Input data section start
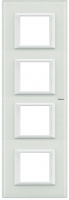 Рамка прямоугольная вертикальная немецкий стандарт 2+2+2+2 мод Bticino Axolute Белое стекло 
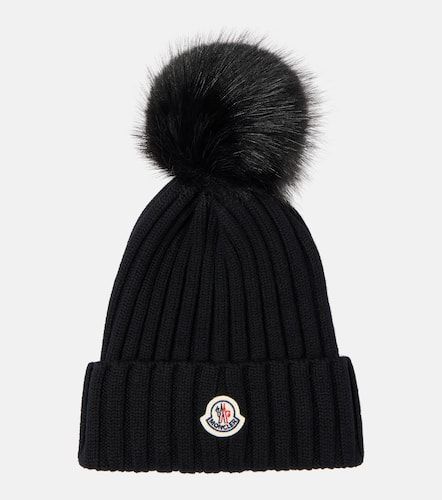 Mütze aus Wolle mit Faux Fur - Moncler - Modalova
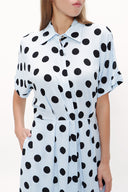 Spotted Off shoulder short sleeve maxi dress 92796
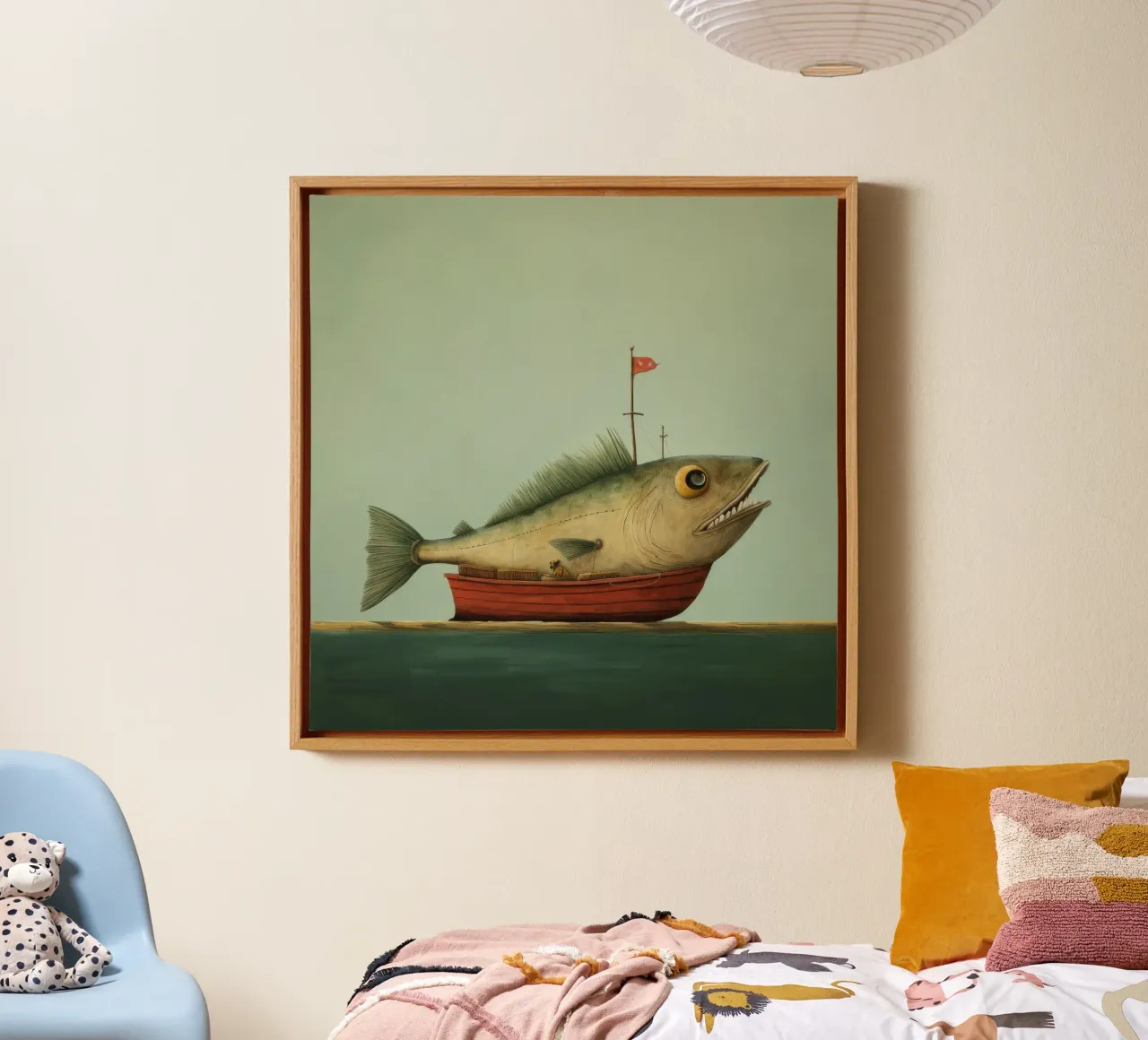 Minimal Haddock 1 canvas by Minimal Animal Art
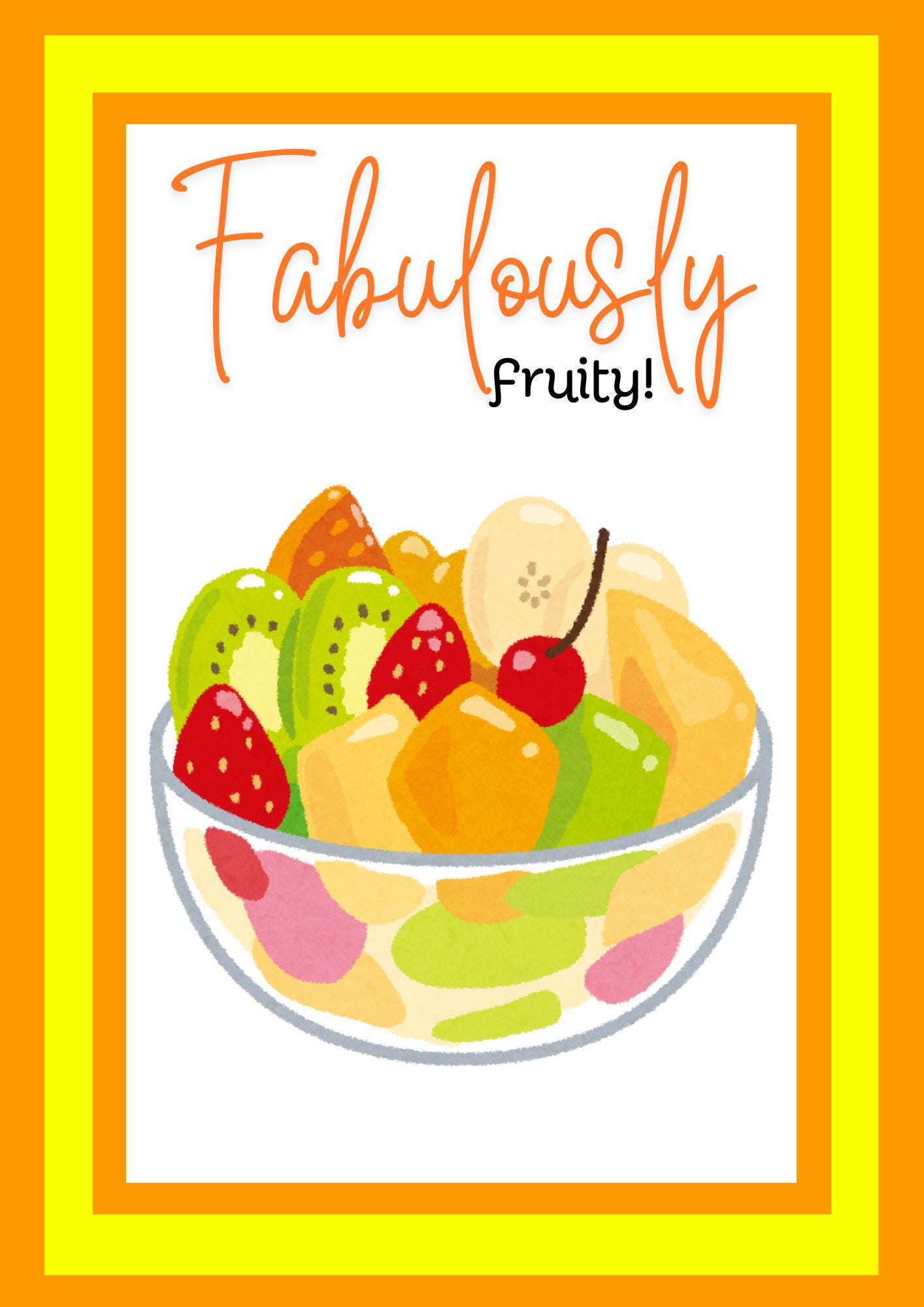 This image features a vibrant and colorful digital coloring book cover, titled "Fabulously Fruity." The cover illustration is bright, with a bowl of assorted fruits including bananas, strawberries, blueberries, and more, garnished with a playful cherry on top.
Input data section end
### Exercise brief
Copy the final stretch of the entries exactly: the line containing "Spotted Off shoulder" and every line after it through the last. Include no pictures and nothing more.

### Worked solution
 Spotted Off shoulder short sleeve maxi dress 92796
 Minimal Haddock 1 canvas by Minimal Animal Art
 This image features a vibrant and colorful digital coloring book cover, titled "Fabulously Fruity." The cover illustration is bright, with a bowl of assorted fruits including bananas, strawberries, blueberries, and more, garnished with a playful cherry on top.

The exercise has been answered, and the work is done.